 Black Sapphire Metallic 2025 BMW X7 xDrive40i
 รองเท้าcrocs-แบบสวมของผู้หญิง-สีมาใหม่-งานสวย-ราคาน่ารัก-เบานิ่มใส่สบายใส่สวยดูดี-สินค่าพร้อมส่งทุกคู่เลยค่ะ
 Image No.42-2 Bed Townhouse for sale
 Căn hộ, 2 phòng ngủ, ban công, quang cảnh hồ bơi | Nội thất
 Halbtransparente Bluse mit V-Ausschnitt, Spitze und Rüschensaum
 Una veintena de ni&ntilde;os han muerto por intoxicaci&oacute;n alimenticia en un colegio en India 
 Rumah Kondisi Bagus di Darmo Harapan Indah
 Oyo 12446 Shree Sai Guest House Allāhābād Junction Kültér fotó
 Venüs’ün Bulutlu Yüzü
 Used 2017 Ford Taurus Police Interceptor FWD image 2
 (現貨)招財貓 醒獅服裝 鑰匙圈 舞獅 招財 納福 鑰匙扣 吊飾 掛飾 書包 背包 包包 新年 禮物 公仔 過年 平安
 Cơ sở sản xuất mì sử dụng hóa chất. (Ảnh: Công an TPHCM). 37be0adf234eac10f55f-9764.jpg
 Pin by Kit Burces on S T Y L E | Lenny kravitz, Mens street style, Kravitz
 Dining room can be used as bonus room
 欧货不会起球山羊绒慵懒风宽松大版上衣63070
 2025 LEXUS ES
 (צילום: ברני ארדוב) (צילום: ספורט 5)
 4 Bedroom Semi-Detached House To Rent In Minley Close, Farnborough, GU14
# # # #
> [WORK REQUEST]: All lines from the one with "Oyo 12446 Shree" through the end of the material above are to be printed exactly, and only those.

> [ANSWER SPACE]:
 Oyo 12446 Shree Sai Guest House Allāhābād Junction Kültér fotó
 Venüs’ün Bulutlu Yüzü
 Used 2017 Ford Taurus Police Interceptor FWD image 2
 (現貨)招財貓 醒獅服裝 鑰匙圈 舞獅 招財 納福 鑰匙扣 吊飾 掛飾 書包 背包 包包 新年 禮物 公仔 過年 平安
 Cơ sở sản xuất mì sử dụng hóa chất. (Ảnh: Công an TPHCM). 37be0adf234eac10f55f-9764.jpg
 Pin by Kit Burces on S T Y L E | Lenny kravitz, Mens street style, Kravitz
 Dining room can be used as bonus room
 欧货不会起球山羊绒慵懒风宽松大版上衣63070
 2025 LEXUS ES
 (צילום: ברני ארדוב) (צילום: ספורט 5)
 4 Bedroom Semi-Detached House To Rent In Minley Close, Farnborough, GU14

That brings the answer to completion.